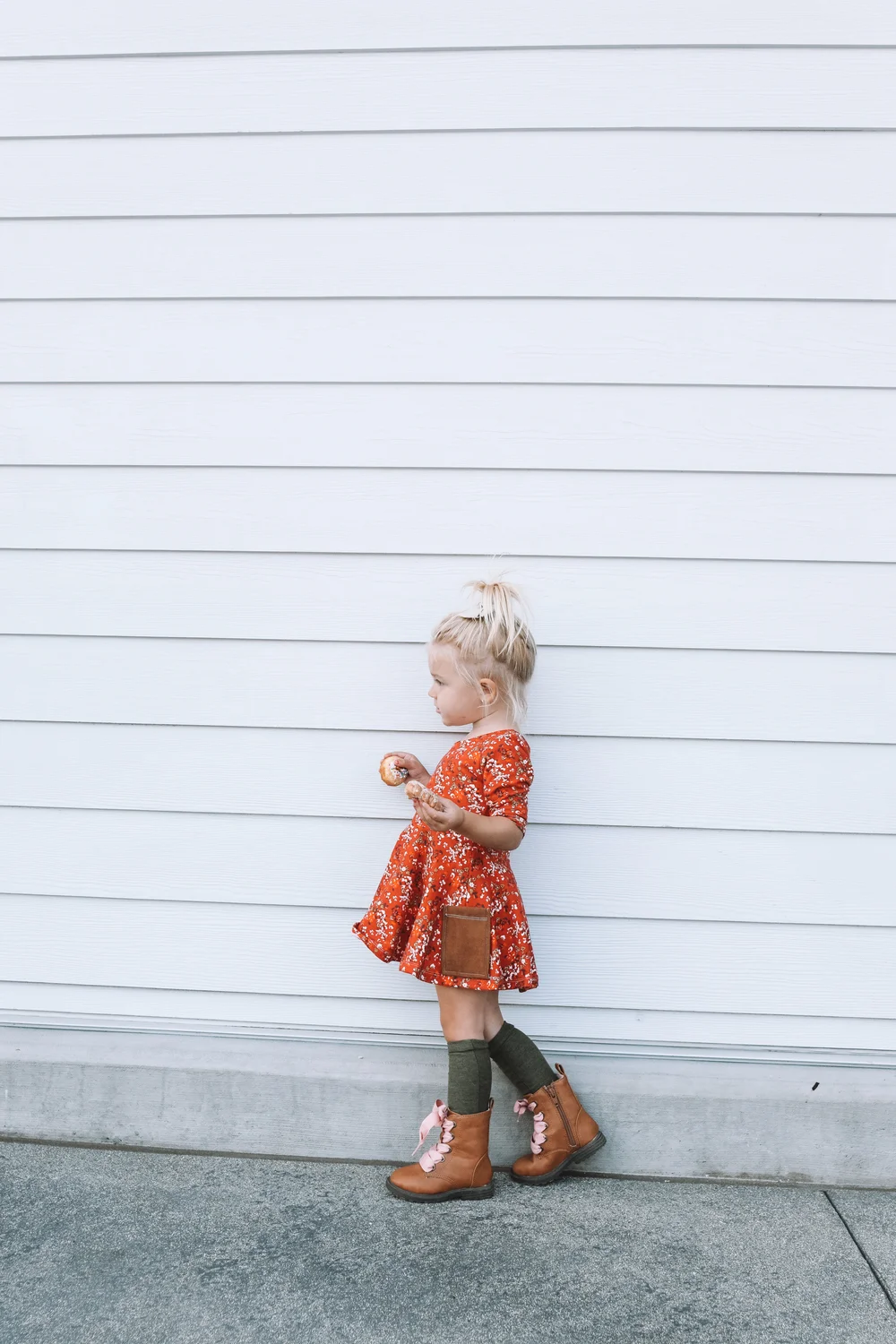 graduation dress fashion nova Toddler/Kid Girl Cotton Vacation Dresses Floral Smocked Dresses with Ruffle Straps for Summer Family Outings & Photos Multi-color, Multi-color / Girl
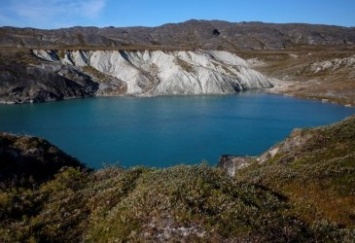 Китайскую General Nice лишили лицензии на добычу желруды в Гренландии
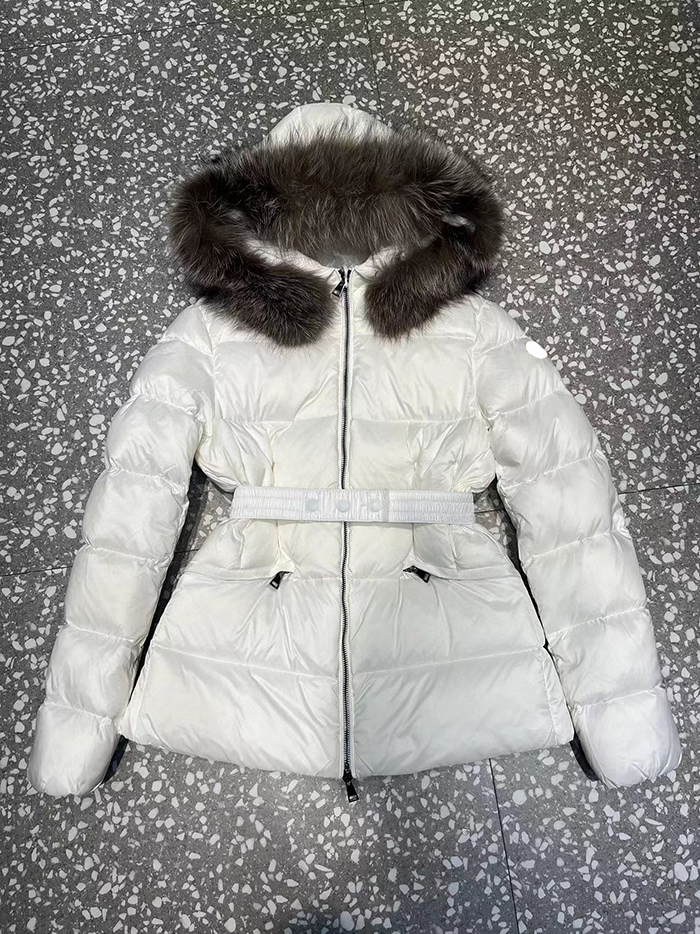 women thickening winter coats warm down jacket woman Classic Sweater Thicken Zipper Hoodie Zip womens windproof duck downs Coat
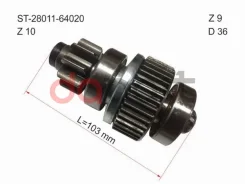 ������� Toyota SAT [ST2801164020] ST2801164020 ����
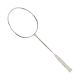 Li-Ning 2016 Multi Control UC6000 Ultra Carbon Lining Badminton Racket - Leopard Print White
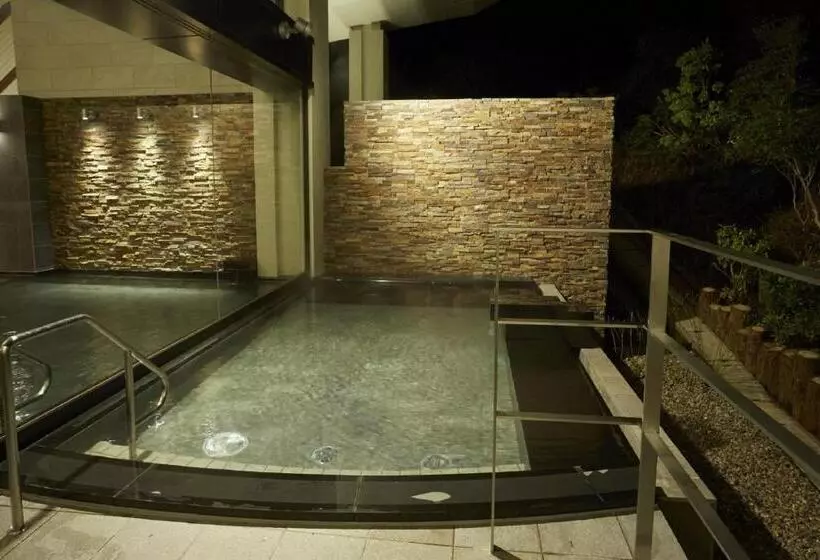 Fotos del hotel Odakyu Hotel De Yama:  2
——
◆ Assignment
Copy out exactly, without any pictures, the lines above that begin at the one with "women thickening winter" and end at the last line of the listing.

◆ Finished exercise
 women thickening winter coats warm down jacket woman Classic Sweater Thicken Zipper Hoodie Zip womens windproof duck downs Coat
 ������� Toyota SAT [ST2801164020] ST2801164020 ����
 Li-Ning 2016 Multi Control UC6000 Ultra Carbon Lining Badminton Racket - Leopard Print White
 Fotos del hotel Odakyu Hotel De Yama:  2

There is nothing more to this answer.